Stanley est employé de bureau où il frappe quotidiennement sur les touches de son clavier en suivant le rythme indiqué par son écran. Jusqu’au jour où plus aucun ordre ne lui parvient et que tous ses collègues ont disparu. Qu’est-il arrivé ? Stanley va-t-il déjouer une terrible oppression ? Et pourquoi une voix commente-t-elle toutes ses actions voire les devance-t-elle ?
Issu d’un mod, un programme modifiant un jeu, du très populaire Half-Life 2 (Valve, 2004), Stanley Parable est rapidement devenu un classique du jeu vidéo. Ce succès, critique et public, tient autant à ses qualités ludiques qu’à sa brillante déconstruction des codes du média.
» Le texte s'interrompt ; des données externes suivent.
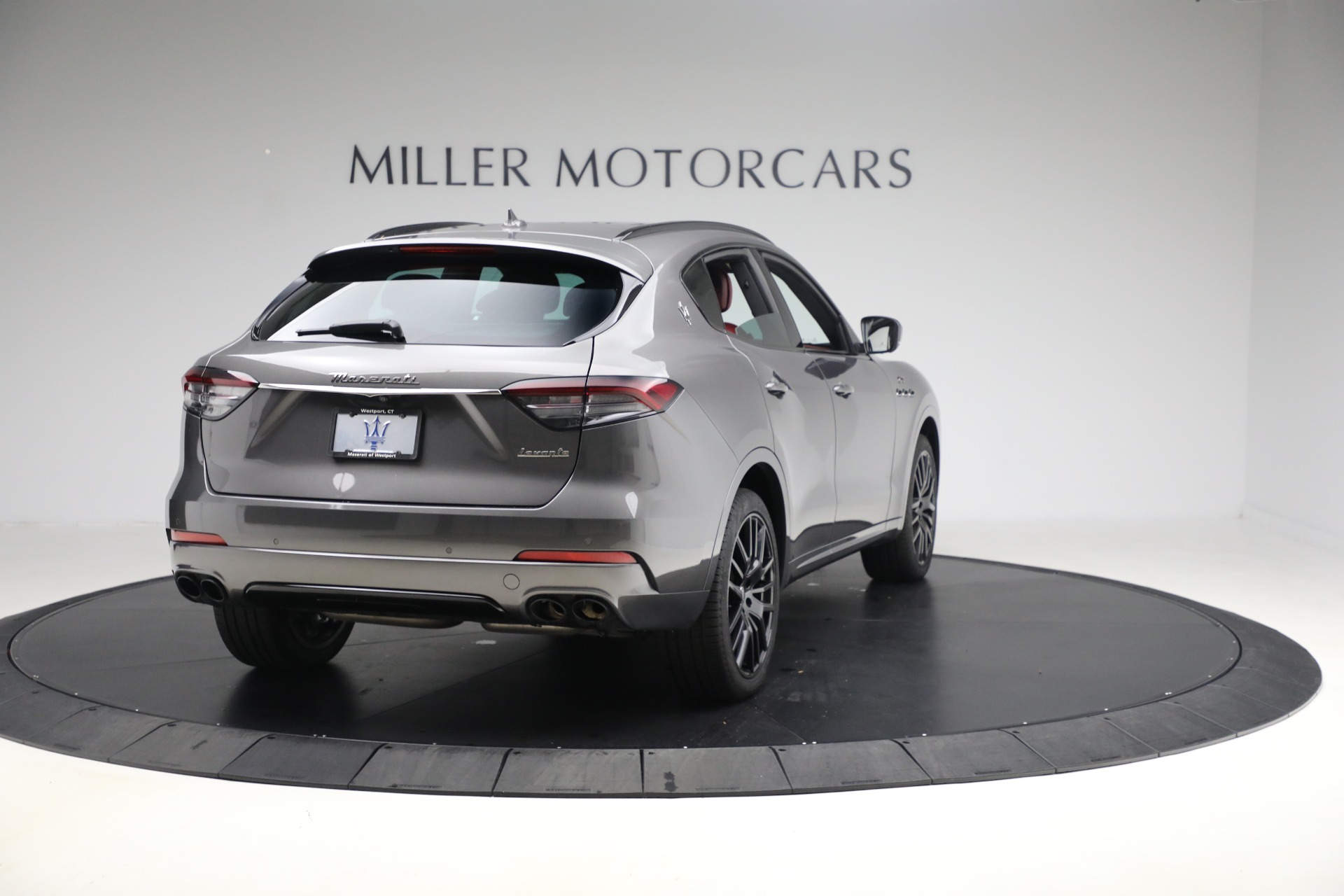 Used-2022-Maserati-Levante-GT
Le titre de Davey Wreden et William Pugh questionne en effet la notion de liberté au sein des jeux vidéo, à la fois comme idéologie mais surtout comme action : que peut l’individu dans un espace numérique où tout est déjà créé et dont le design cherche en permanence à lui faire vivre une certaine expérience ? Le joueur est sans cesse renvoyé à ses habitudes acquises, à ses actes, à son action physique qui se résume à appuyer des touches en obéissant au game design à la manière de son avatar pris dans un job aliénant… Et de nombreuses mises en abîme appuient ce questionnement, notamment lorsque l’on débouche dans le jeu dans un musée virtuel retraçant la création de The Stanley Parable.
Plus largement, le jeu déploie aussi une critique acide et assez désespérée du néomanagement, cette manière de gérer les travailleur-euses en prétendant les épanouir et les responsabiliser. Avec une nouvelle manière de parler où les mots camouflent la domination derrière des idées de liberté, ce que met parfaitement en scène le jeu si vous obéissez à la voix. Une nouvelle manière d’atomiser et de précariser qui détruit les employé·es pour les empêcher de contester.